L’eloquente differenza fra crimini ed errori

Goldstone si è ricreduto. Sergio Romano no, e sbaglia

di Marco Paganoni, aprile 2011

image_3123Si sa, in cauda venenum: il veleno infilato alla fine di un articolo è quello che resterà, e farà opinione. Per questo, alla fine del suo pezzo sul Rapporto Goldstone (Corriere della Sera, 22.04.11) Sergio Romano scrive che “la guerra di Gaza fece più di 1.400 vittime nel campo palestinese e 13 in quello israeliano: una disparità che è più eloquente di qualsiasi rapporto”. Suona vero, e invece è falso.
Come Romano NON sottolinea nel suo pezzo, l’accusa più infamante avallata dal Rapporto Goldstone era che Israele avesse preso di mira intenzionalmente obiettivi civili commettendo in questo modo dei crimini di guerra. Oggi invece Goldstone ammette che non esiste alcuna prova che da parte israeliana vi fosse intenzionalità nel colpire i non combattenti; mentre, scrive Goldstone, “va da sé che i razzi di Hamas erano consapevolmente e indiscriminatamente indirizzati contro obiettivi civili”. Se Romano permette, la distinzione è fondamentale: è quella che fa la differenza fra guerra e crimine di guerra, fra combattenti e terroristi.
Che quasi due terzi delle 1.166 (non 1.400) vittime palestinesi fossero combattenti lo ha riconosciuto lo stesso “ministro” degli interni di Hamas, Fathi Hammad, che al giornale pan-arabo edito a Londra al-Hayat (1.11.10) ha parlato di almeno 700 caduti fra i miliziani a vario titolo affiliati a Hamas e ad altre fazioni armate: un dato sorprendentemente vicino a quello sempre sostenuto da Israele di 709 combattenti nemici uccisi.

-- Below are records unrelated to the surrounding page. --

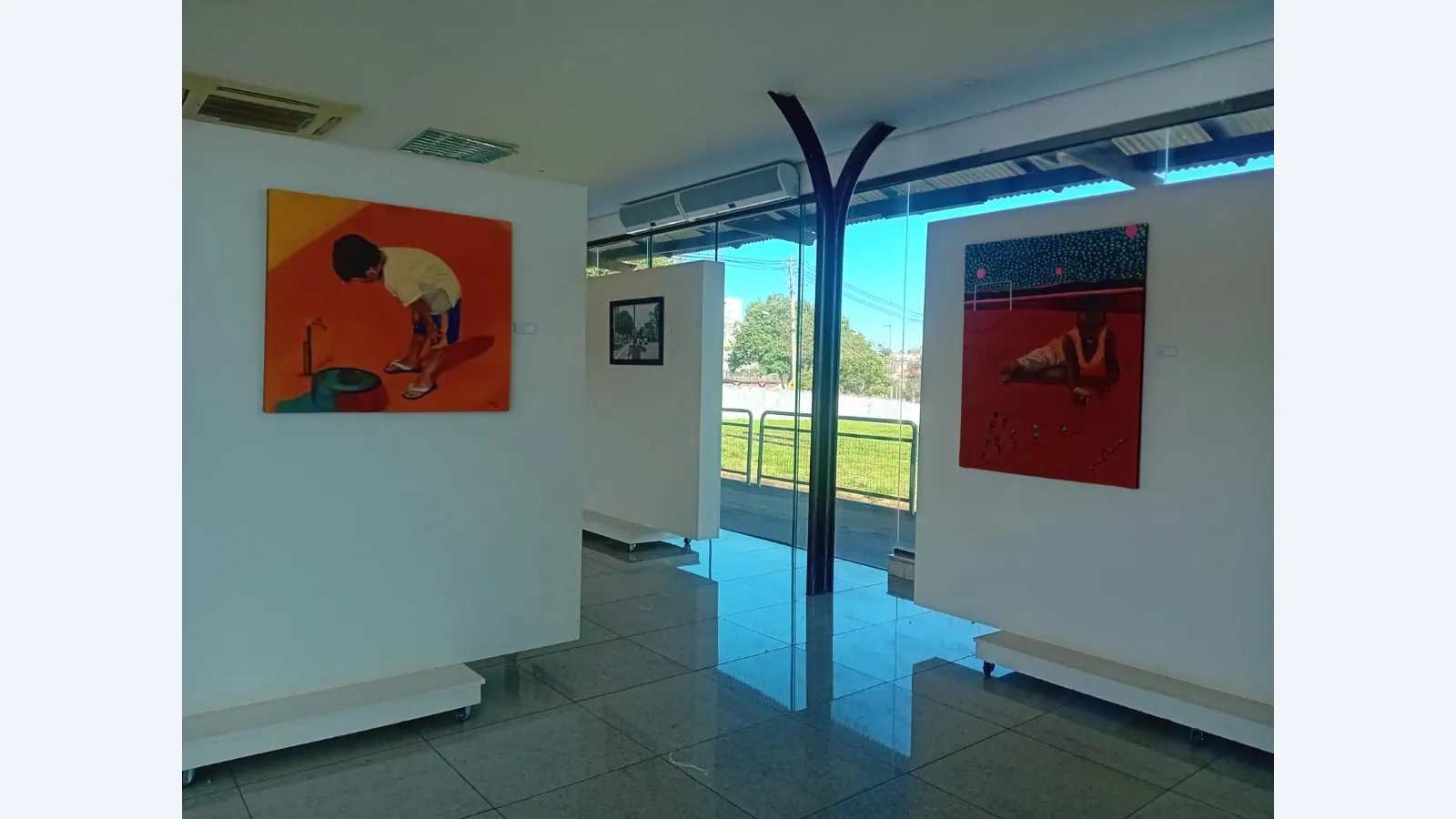 Exposição 'Olhar Suspenso' em Campo Grande traz memórias e arte gratuita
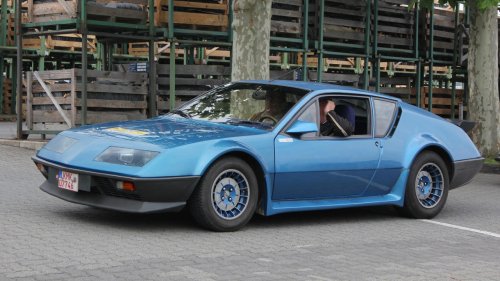 10 classic performance cars that proved lightweight and loud still worked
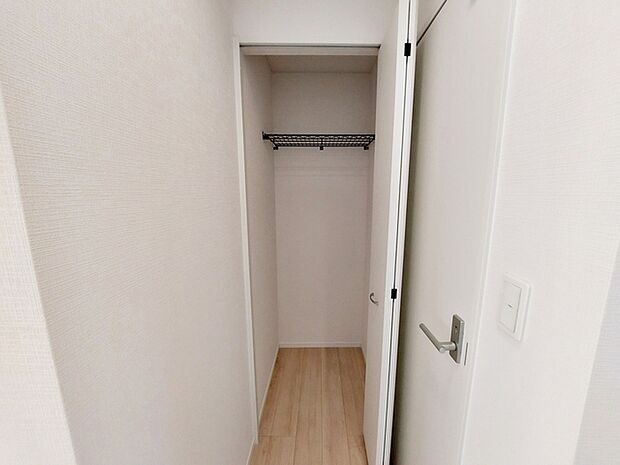 2階廊下にある収納で、共用の荷物や日用品、季節用品などをまとめて管理できるため、各部屋に物が分散しにくくなります。必要な物を一か所に集約できるため、探す手間を減らしながら出し入れもしやすくなります。 
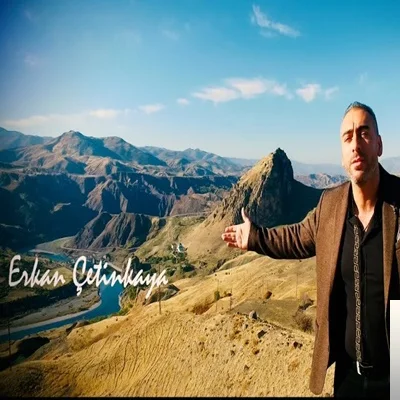 Erkan Çetinkaya - Yola Bakın Belki Gelen Babam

Poi, disgraziatamente, esistono i civili uccisi senza intenzione: tragedie, non crimini. E sarebbero stati molti di più se Israele non avesse adottato (contro ogni logica strettamente militare) tutta una serie di misure per avvertire la popolazione civile degli attacchi imminenti (con le migliaia di volantini e persino telefonate di pre-allarme). Errori – non crimini – purtroppo sono sempre possibili. Basti ricordare che degli stessi soldati israeliani morti in quell’operazione, quasi la metà caddero per “fuoco amico”, certamente non intenzionale. Criminale, piuttosto, è l’uso dei civili come scudi umani. Ed è raccapricciante vantarsene, come fece lo stesso Fathi Hammad alla tv Al-Aqsa (29.2.08) quando dichiarò che i palestinesi “formano scudi umani fatti di donne, bambini, anziani e mujahidin [combattenti] allo scopo di sfidare la macchina da bombardamento sionista”. Ecco perché Goldstone ha dovuto rimangiarsi la sua accusa.

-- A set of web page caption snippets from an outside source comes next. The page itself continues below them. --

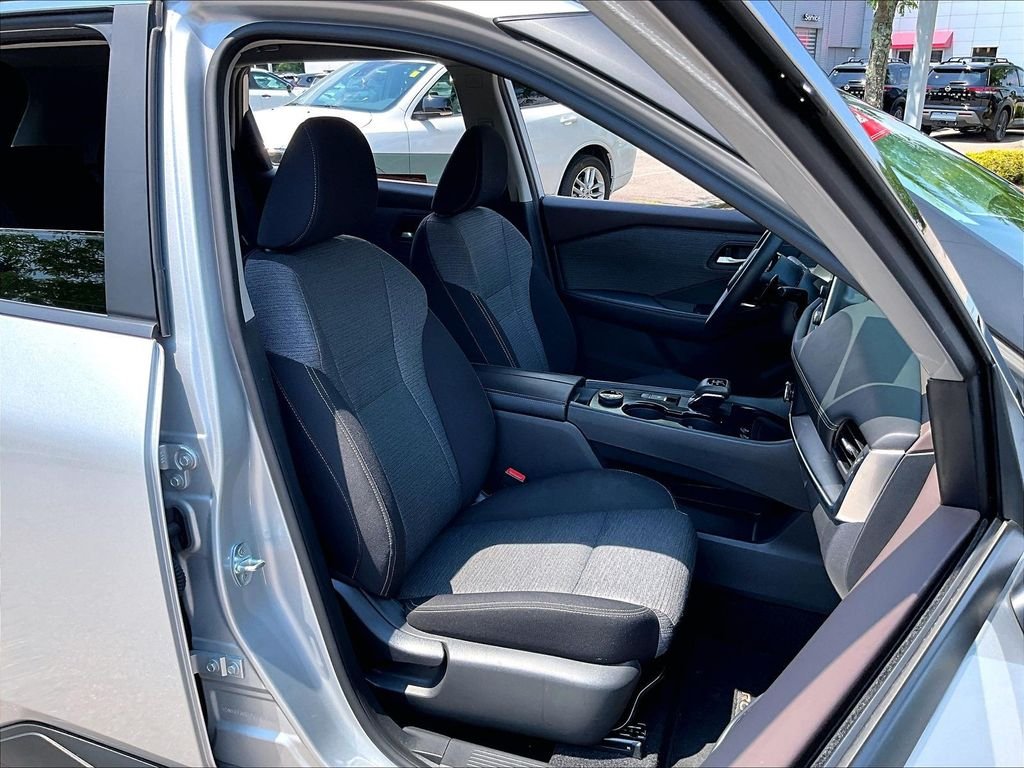 Certified Used 2023 Silver Nissan SV image 11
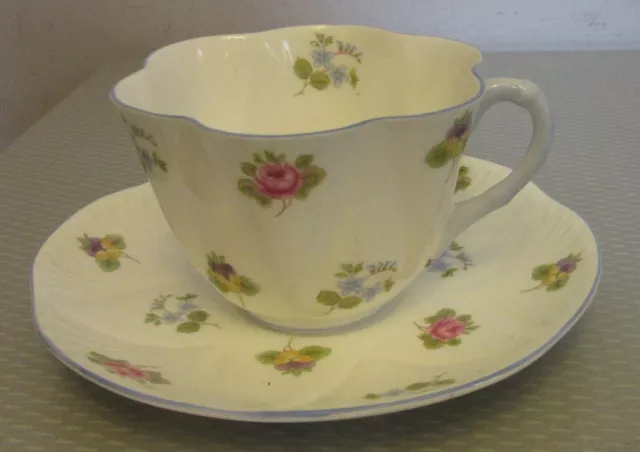 Shelley Dainty Teacup & Saucer Fine Bone China multifloral blue bonnet pink rose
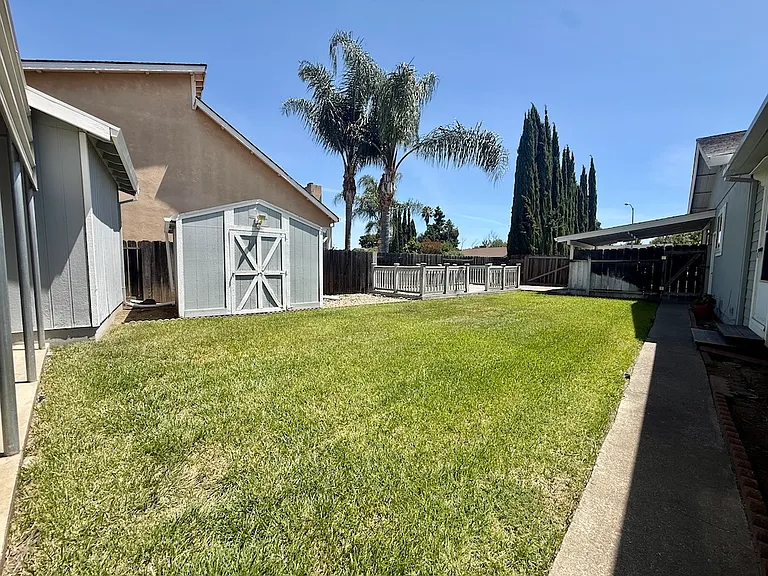 2810 Miller Ct — Photo 40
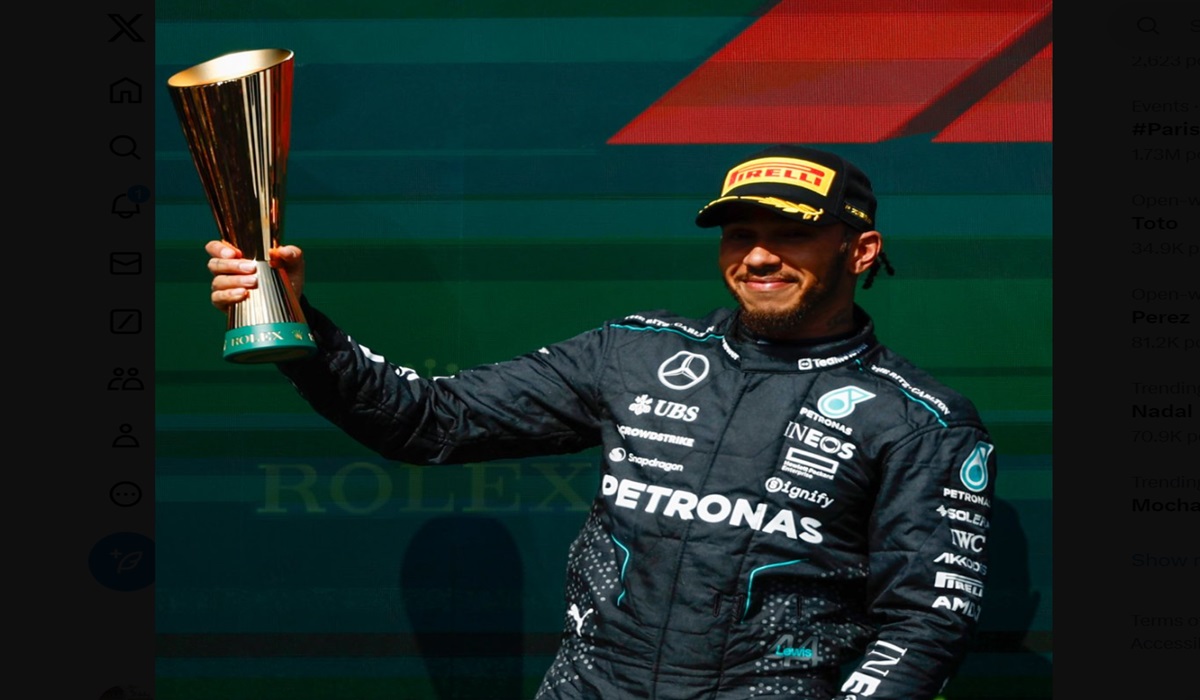 Pembalap Mercedes Lewis Hamilton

Con buona pace di Sergio Romano, tolte da ogni contesto, le nude cifre (oltretutto inesatte) lungi dall’essere eloquenti sono anzi ingannevoli. In ogni guerra, obiettivo delle forze armate è quello di infliggere il maggior danno possibile ai combattenti nemici, cercando di subire il minor danno possibile. Accusare i militari d’aver fatto esattamente questo, oltre che ingiusto è irragionevole. In nessuna guerra si è mai chiesto a una parte – specie a quella che reagisce a un’aggressione – di “proporzionare” il numero di nemici uccisi al numero di perdite subite. Cosa dovrebbero dire gli israeliani ai loro soldati? Di farsi ammazzare un po’ di più per soddisfare le esigenze di “proporzionalità” degli spettatori? Tanto per fare un esempio, nell’infausta battaglia degli elicotteri Black Hawk abbattuti a Mogadiscio il 3-4 ottobre 1993, caddero 18 soldati americani contro diverse centinaia di somali, forse addirittura mille, per lo più combattenti di Mohamed Farrah Aidid. In quel periodo, in Somalia, caddero anche 14 italiani (undici militari, un’infermiera della Croce Rossa e due giornalisti). Si perdoni la crudezza, ma si è mai sentita un’opinione pubblica occidentale lamentare che il proprio paese subisse “troppe poche perdite” rispetto a quelle inflitte al nemico? Pretendere da Israele l’impossibile serve solo a demonizzare gli israeliani proprio su un terreno, quello dell’etica di guerra, su cui nonostante tutto sono sempre riusciti a mantenere standard più elevati di tanti altri, e certamente dei loro nemici.